The first part of the tutorial reviews the motivation, underlying concepts, and fundamental assumptions that ensure the asymptotic validity of the bootstrap. The second part considers an extension of the bootstrap idea to that of “bootstrap calibration” (Loh, 1987, JASA; 1991, Statist. Sinica) and its application to a previously unsolved problem of post-selection inference: assessing statistical significance of subgroup treatment effects in randomized trials where the subgroups are obtained from complex search algorithms such as regression trees (Loh et al., 2015, 2016, 2019, Statist. Med). To keep things simple, the main focus throughout is on confidence interval estimation, as it is by far the most important area of application of the bootstrap.

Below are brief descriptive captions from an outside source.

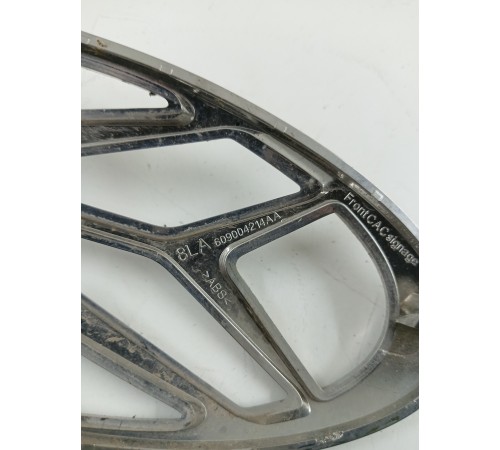 Эмблема значка передняя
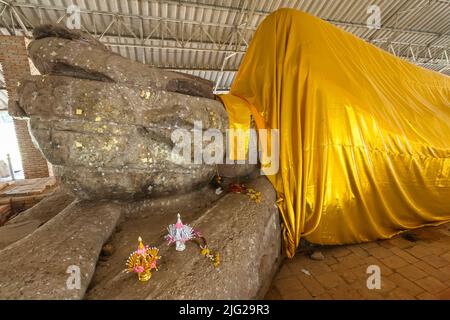 Wat Dharmacakra Semaram (Phra Non Sema), der älteste liegende Buddha thailands, Nakhon Ratchasima (Korat), Isan (Isaan), Thailand, Südostasien, Asien Stockfoto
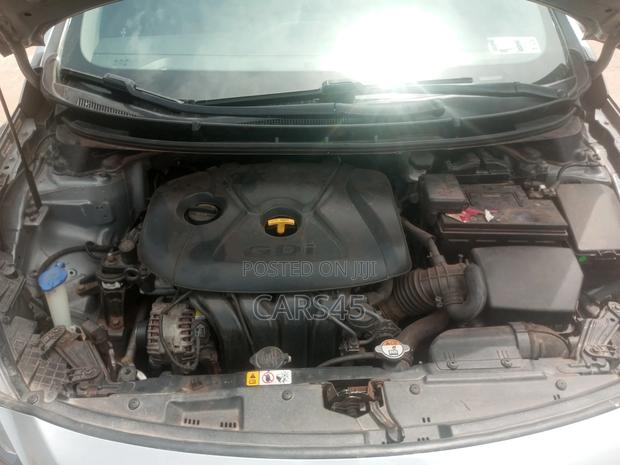 Hyundai Elantra Limited 4dr Sedan (1.8L 4cyl 6A) 2014 Gray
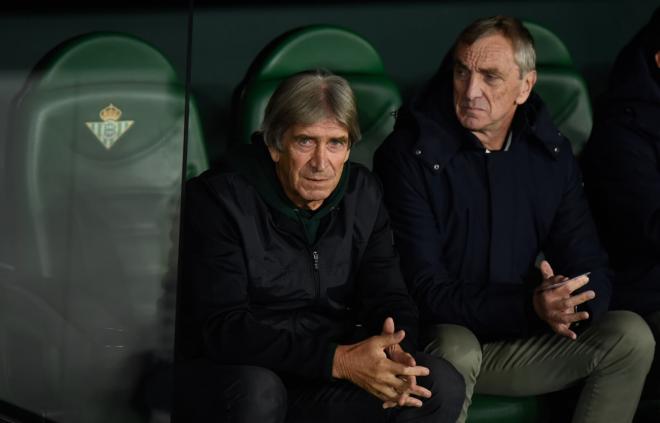 Manuel Pellegrini junto a Rubén Cousillas (foto: Kiko Hurtado).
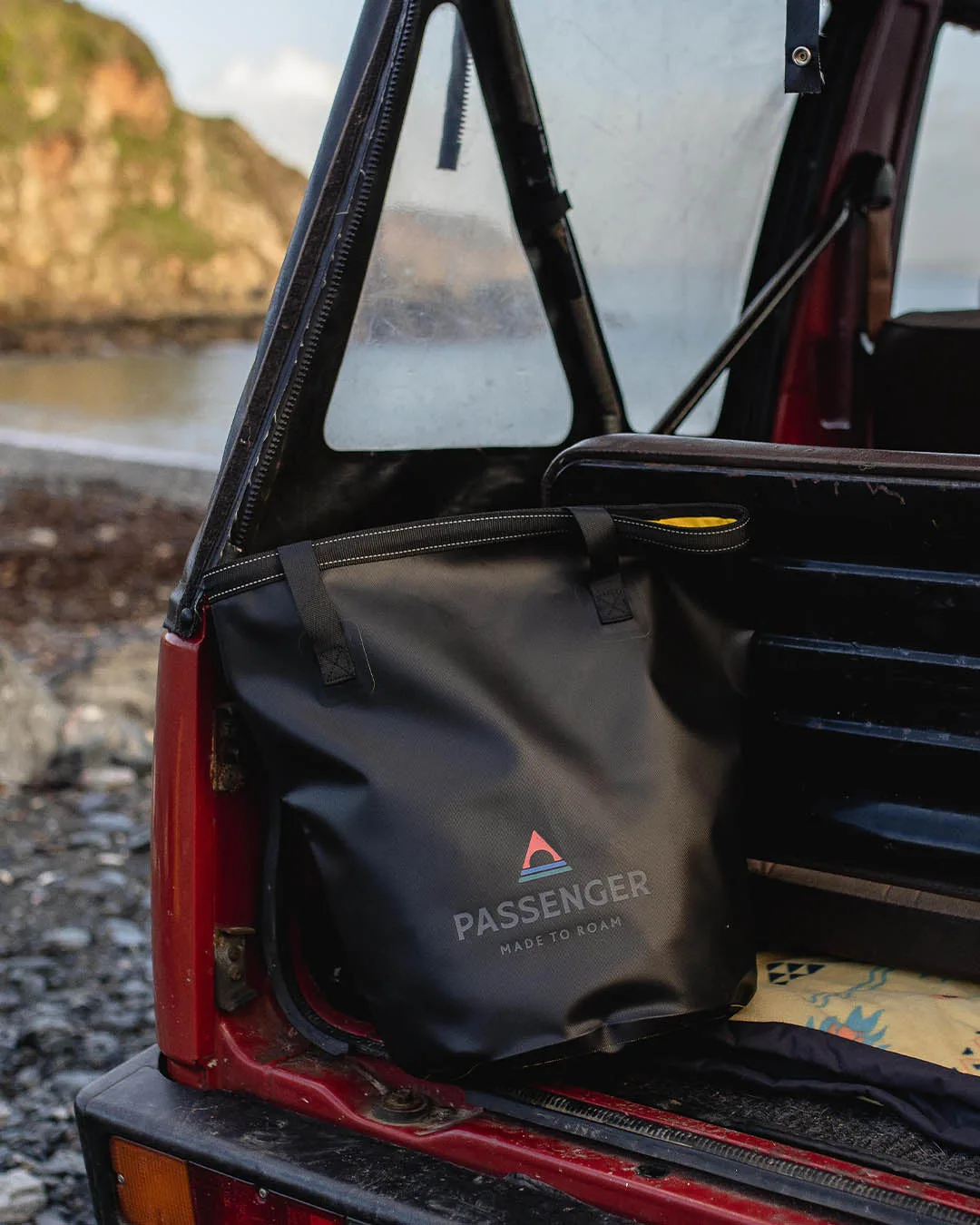 Tide 20L Bucket Bag - Black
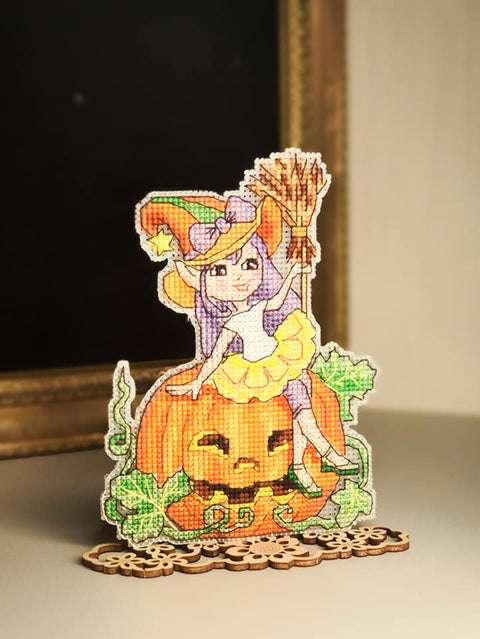 Siuvinėjimo kryželiu rinkinys „Happy Halloween“ Crystal Art, 12×14 cm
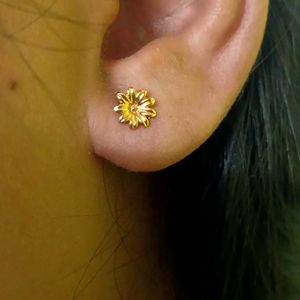 Pure Gold Floral Stud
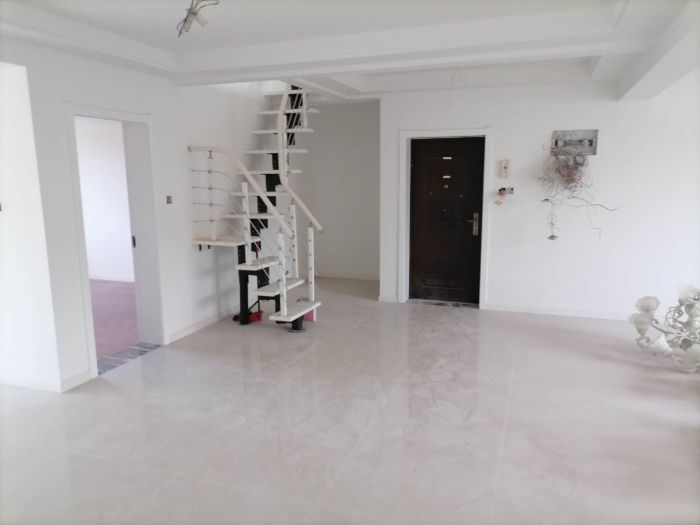 濠西园 6室3厅3卫 150m&sup2;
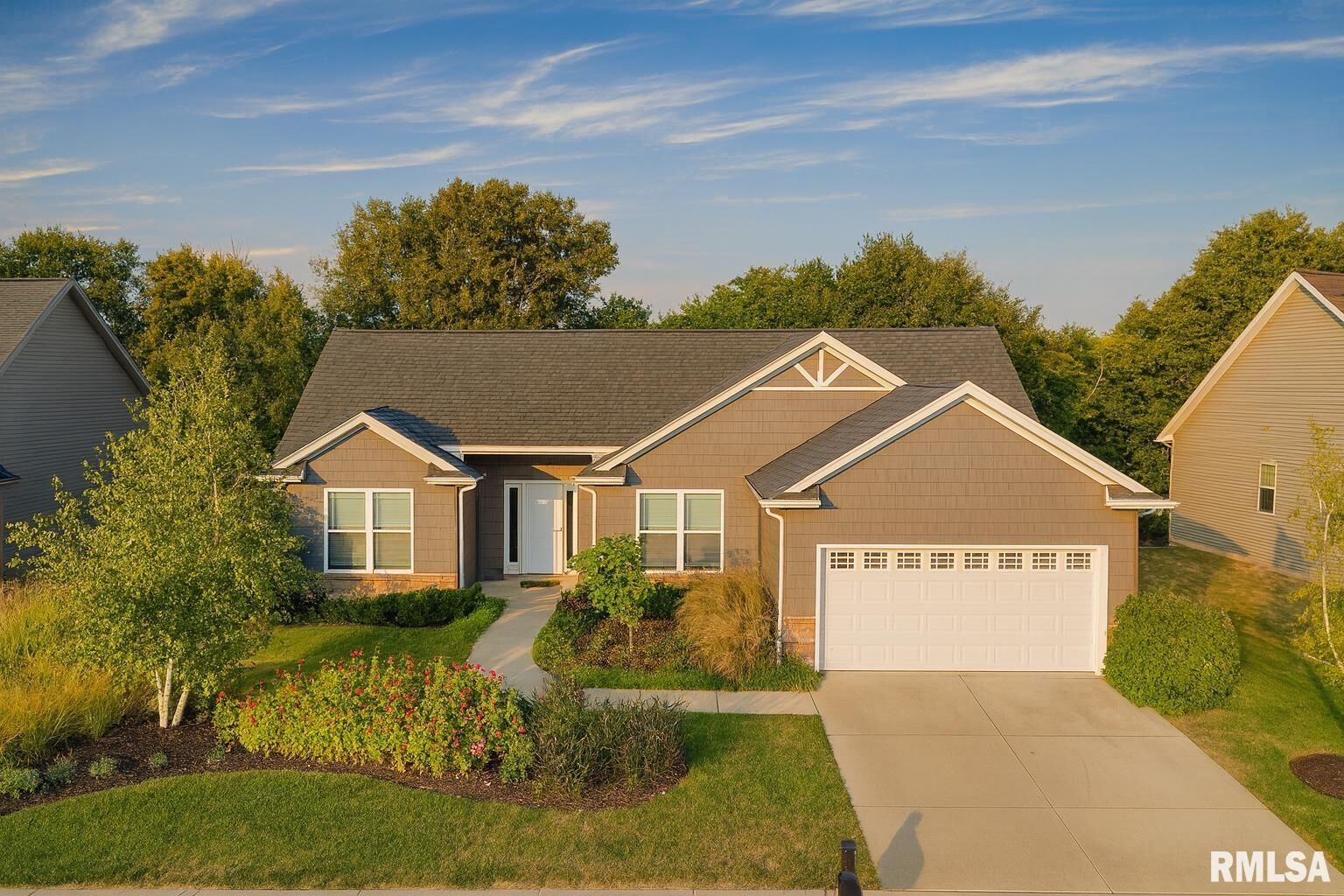 Property Photo:  3910 W Anchor Drive  IL 61615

Efron, B. (1979). Bootstrap methods: another look at the jackknife. Annals of Statistics, 7, 1-26.
Loh, W.-Y. (1987). Calibrating confidence coefficients. JASA, 82, 155-162.
Loh, W.-Y. (1991). Bootstrap calibration for confidence interval construction and selection. Statist. Sinica, 1, 477-491.
Loh, W.-Y., Fu, H., Man, M., Champion, V. and Yu, M. (2016). Identification of subgroups with differential treatment effects for longitudinal and multiresponse variables. Statist. Med., 35, 4837-4855.
Loh, W.-Y., He, X. and Man, M. (2015). A regression tree approach to identifying subgroups with differential treatment effects. Statist. Med., 34, 1818-1833.
Loh, W.-Y., Man, M. and Wang, S. (2019). Subgroups from regression trees with adjustment for prognostic effects and post-selection inference. Statist. Med., 38, 545-557.
Wei-Yin Loh is Professor of Statistics at the University of Wisconsin, Madison. His research interests are in bootstrap theory and methodology and algorithms for classification and regression trees. Loh is a fellow of the American Statistical Association and the Institute of Mathematical Statistics, and a consultant to government and industry. He is a recipient of the Reynolds Award for teaching, the U.S. Army Wilks Award for statistics research and application, an Outstanding Science Alumni Award from the National University of Singapore, and visiting fellowships from AbbVie, IBM and the Bureau of Labor Statistics.